Quand on y pense, c’est ce que chaque artiste – peintre, écrivain, sculpteur, danseur, musicien, architecte et j’en passe met dans son art : tout au moins une part de soi. Sans pour autant que l’objectif recherché soit cathartique.
Christophe Honoré endosse ici le rôle de son père et c’est le choix de cette autre focale : on grandit et un jour, on prend la place de nos parents, qui rend le film encore plus touchant et pertinent. A aucun moment il ne donne le sentiment de vouloir narrer une affaire personnelle, mais il nous livre bel et bien un film de cinéma – toujours sur le fil et très maitrisé, à aucun moment ne versant ni dans le pathos ni dans un sentimentalisme exacerbé. Le montage est enlevé et dynamique et ce choix de style y est pour beaucoup dans la réussite de ce film.
C’est ce qui m’a plu. il m’a touchée au plus haut point, il m’a émue, sans pour autant que je ne sois submergée par des larmes. Elles sont montées à un seul moment avec cette phrase : « Tu vas t’en sortir mon fils », à un moment charnière du film qui verra la chute libre de de jeune garçon ayant perdu tout éveil à la vie. La puissante neutralité de cette phrase est d’une justesse dans nom. Elle dit tout l’amour d’une mère, à la fois irrationnel car basé sur un amour immense et inné, mais en même temps extrêmement ancré. Une maman sait tout, sent tout. Juliette Binoche est ici impeccable et endosse le rôle avec brio.
La relation entre les deux frères m’a également beaucoup plue. Entre dureté et amour tendre indéfectible : j’aime qu’ils puissent se claquer la porte au nez pour se retrouver quelques heures plus tard, un bouquet de fleurs tendu. Tout est à l’avenant, délicat, tendre mais jamais mièvre. La réalité de la vie et d’un quotidien soudain perturbé est là, portée à l’écran et toujours terriblement réaliste.

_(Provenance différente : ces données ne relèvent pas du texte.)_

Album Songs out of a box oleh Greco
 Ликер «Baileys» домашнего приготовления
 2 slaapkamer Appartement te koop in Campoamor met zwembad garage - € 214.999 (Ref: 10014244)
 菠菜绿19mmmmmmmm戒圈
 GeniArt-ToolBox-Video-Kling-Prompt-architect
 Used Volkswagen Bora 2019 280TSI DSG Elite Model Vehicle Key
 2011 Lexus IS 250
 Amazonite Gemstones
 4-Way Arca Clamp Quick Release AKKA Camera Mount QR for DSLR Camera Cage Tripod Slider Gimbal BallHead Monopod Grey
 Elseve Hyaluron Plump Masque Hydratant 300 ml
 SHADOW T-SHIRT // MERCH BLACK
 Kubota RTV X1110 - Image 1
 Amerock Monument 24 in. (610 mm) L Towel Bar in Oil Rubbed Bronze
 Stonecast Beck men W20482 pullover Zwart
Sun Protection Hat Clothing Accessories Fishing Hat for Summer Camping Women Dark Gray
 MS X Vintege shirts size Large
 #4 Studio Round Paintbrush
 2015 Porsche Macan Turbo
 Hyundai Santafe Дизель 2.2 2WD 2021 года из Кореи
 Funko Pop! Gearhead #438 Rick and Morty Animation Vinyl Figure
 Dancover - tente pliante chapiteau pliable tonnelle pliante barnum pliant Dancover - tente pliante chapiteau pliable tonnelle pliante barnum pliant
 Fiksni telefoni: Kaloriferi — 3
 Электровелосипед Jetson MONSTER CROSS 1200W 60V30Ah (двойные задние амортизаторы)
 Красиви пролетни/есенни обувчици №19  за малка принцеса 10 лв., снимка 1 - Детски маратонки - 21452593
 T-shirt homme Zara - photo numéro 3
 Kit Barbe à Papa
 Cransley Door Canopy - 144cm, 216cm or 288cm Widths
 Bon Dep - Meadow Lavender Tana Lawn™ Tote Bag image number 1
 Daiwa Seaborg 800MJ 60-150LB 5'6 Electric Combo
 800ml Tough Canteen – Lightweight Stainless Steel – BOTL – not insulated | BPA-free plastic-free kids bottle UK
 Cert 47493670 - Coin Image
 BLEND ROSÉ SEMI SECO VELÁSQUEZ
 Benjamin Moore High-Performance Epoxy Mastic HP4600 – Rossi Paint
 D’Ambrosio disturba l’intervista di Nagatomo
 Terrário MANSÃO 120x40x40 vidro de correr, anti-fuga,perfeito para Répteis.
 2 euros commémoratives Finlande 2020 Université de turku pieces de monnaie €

Une gageure lorsque l’on raconte sa propre histoire. Mais Christophe Honoré sait y faire. Il n’est est pas à son coup d’essai. Il nous livrait en ce début d’année une pièce vue à l’Odéon qui m’a – pour le coup – extirpée bien des larmes alors que je venais de perdre un membre important de ma famille. Il y disait les coups de gueule et les coups de sang, mais d’amour aussi, de ses aieux et signifiaient l’importance de toutes ces traces qui nous sont laissées. Ces traces qui font une descendance, un clan et autant d’empreintes dans lesquelles mettre nos pas.
Reste ce quatrième personnage clé. Lilio, le colocataire du grand frère, à la fois modèle amoureux, amical pour Lucas dont la douceur et le charisme le toucheront. La relation, là aussi, est tendre, et belle.
Une transcendance initiatique portée à l’écran, sans fioriture mais en offrant un frémissement constant.
De l’art de transcender son passé pour dire une succession d’états. Du cinéma vivant à son plus haut.